=== Section Start ===
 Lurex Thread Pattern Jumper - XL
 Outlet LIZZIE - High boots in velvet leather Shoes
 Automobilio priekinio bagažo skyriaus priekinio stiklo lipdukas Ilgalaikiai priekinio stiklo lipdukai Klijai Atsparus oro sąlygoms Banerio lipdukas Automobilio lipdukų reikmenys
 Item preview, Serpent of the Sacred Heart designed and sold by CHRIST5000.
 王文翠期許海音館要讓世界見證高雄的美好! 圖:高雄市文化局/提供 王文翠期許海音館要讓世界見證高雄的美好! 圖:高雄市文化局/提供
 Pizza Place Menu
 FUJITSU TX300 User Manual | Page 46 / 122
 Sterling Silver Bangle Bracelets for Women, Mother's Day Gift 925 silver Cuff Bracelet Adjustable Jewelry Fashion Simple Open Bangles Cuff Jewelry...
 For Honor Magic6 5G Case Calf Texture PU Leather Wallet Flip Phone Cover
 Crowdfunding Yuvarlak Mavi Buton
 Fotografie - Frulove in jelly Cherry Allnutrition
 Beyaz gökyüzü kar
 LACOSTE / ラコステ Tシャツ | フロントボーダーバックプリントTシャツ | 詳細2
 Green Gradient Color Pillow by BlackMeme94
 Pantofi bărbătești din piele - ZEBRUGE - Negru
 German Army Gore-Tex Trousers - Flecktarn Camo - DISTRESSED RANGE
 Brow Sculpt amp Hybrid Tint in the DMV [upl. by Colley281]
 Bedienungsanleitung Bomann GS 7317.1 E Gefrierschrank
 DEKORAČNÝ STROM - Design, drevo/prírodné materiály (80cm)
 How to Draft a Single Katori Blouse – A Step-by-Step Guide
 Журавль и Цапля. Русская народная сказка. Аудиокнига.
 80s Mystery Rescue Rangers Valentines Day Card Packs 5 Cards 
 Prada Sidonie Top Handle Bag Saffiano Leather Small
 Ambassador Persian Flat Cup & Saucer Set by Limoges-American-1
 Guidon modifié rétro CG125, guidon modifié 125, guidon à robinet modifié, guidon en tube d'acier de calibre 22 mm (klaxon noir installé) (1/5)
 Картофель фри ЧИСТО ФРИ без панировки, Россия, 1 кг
=== Section End ===
• [YOUR TASK] Every entry above needs to be quoted exactly.

• [RESPONSE TO THE TASK]
 Lurex Thread Pattern Jumper - XL
 Outlet LIZZIE - High boots in velvet leather Shoes
 Automobilio priekinio bagažo skyriaus priekinio stiklo lipdukas Ilgalaikiai priekinio stiklo lipdukai Klijai Atsparus oro sąlygoms Banerio lipdukas Automobilio lipdukų reikmenys
 Item preview, Serpent of the Sacred Heart designed and sold by CHRIST5000.
 王文翠期許海音館要讓世界見證高雄的美好! 圖:高雄市文化局/提供 王文翠期許海音館要讓世界見證高雄的美好! 圖:高雄市文化局/提供
 Pizza Place Menu
 FUJITSU TX300 User Manual | Page 46 / 122
 Sterling Silver Bangle Bracelets for Women, Mother's Day Gift 925 silver Cuff Bracelet Adjustable Jewelry Fashion Simple Open Bangles Cuff Jewelry...
 For Honor Magic6 5G Case Calf Texture PU Leather Wallet Flip Phone Cover
 Crowdfunding Yuvarlak Mavi Buton
 Fotografie - Frulove in jelly Cherry Allnutrition
 Beyaz gökyüzü kar
 LACOSTE / ラコステ Tシャツ | フロントボーダーバックプリントTシャツ | 詳細2
 Green Gradient Color Pillow by BlackMeme94
 Pantofi bărbătești din piele - ZEBRUGE - Negru
 German Army Gore-Tex Trousers - Flecktarn Camo - DISTRESSED RANGE
 Brow Sculpt amp Hybrid Tint in the DMV [upl. by Colley281]
 Bedienungsanleitung Bomann GS 7317.1 E Gefrierschrank
 DEKORAČNÝ STROM - Design, drevo/prírodné materiály (80cm)
 How to Draft a Single Katori Blouse – A Step-by-Step Guide
 Журавль и Цапля. Русская народная сказка. Аудиокнига.
 80s Mystery Rescue Rangers Valentines Day Card Packs 5 Cards 
 Prada Sidonie Top Handle Bag Saffiano Leather Small
 Ambassador Persian Flat Cup & Saucer Set by Limoges-American-1
 Guidon modifié rétro CG125, guidon modifié 125, guidon à robinet modifié, guidon en tube d'acier de calibre 22 mm (klaxon noir installé) (1/5)
 Картофель фри ЧИСТО ФРИ без панировки, Россия, 1 кг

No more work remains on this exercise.